I am even more grateful than usual to live in Canada. Photos the other day of Justin paddling the Rouge River in a canoe with his wife and daughter, wearing his father's fringed jacket - is he real? We are in a bubble of sanity - clarity and open-heartedness - here in Canada. A wonderful article in the Star on the weekend, pointing out that every western country, including the U.S., Britain, France and Germany, has a right-wing anti-immigration party in the ascendancy - except here in Canada.

I wonder if our bubble of generosity and community will last.


Oh it's good to be able to write to you again, even if I'm feeling apocalyptic!

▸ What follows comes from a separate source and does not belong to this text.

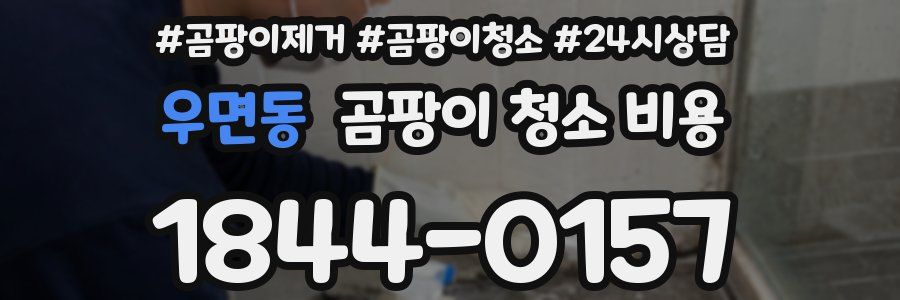 우면동 곰팡이 청소 비용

Moving right along. It's the most beautiful day of the year so far, a heavenly June day, the air in my garden scented with roses, camellias, jasmine, lavender, mint. Okay, now I need to get serious. I need to write about facial hair. Yes. It seems truly cruel of nature that just as women reach the age when their sexual allure vanishes along with their waistlines, they start to grow moustaches and beards. I spend a good ten minutes a day, at least, with my magnifying mirror and my tweezers and am now considering more invasive treatment. So readers out there who are middle-aged women - what do you do about chin and upper lip hair? Advice please. Nellie Natural here needs to find another solution.

All right, that's done. Don't say I never tell you my secrets.

Oh - and the good news: I have heard from Colin Thomas, the editor in Vancouver who's reading the manuscript. This is what he said: I’m in the final lap with Loose Woman and I’m having an excellent time. It’s going to be a terrific book. There’s already a whole lot to like in this draft and with more focus—a fair bit of cutting and some new material—the next draft is going to be even better.

Yes. Yes, I hope so. I'd like to think so. Perhaps there's hope. Cutting WHAT? WHAT new material? I can't wait to find out the specifics. 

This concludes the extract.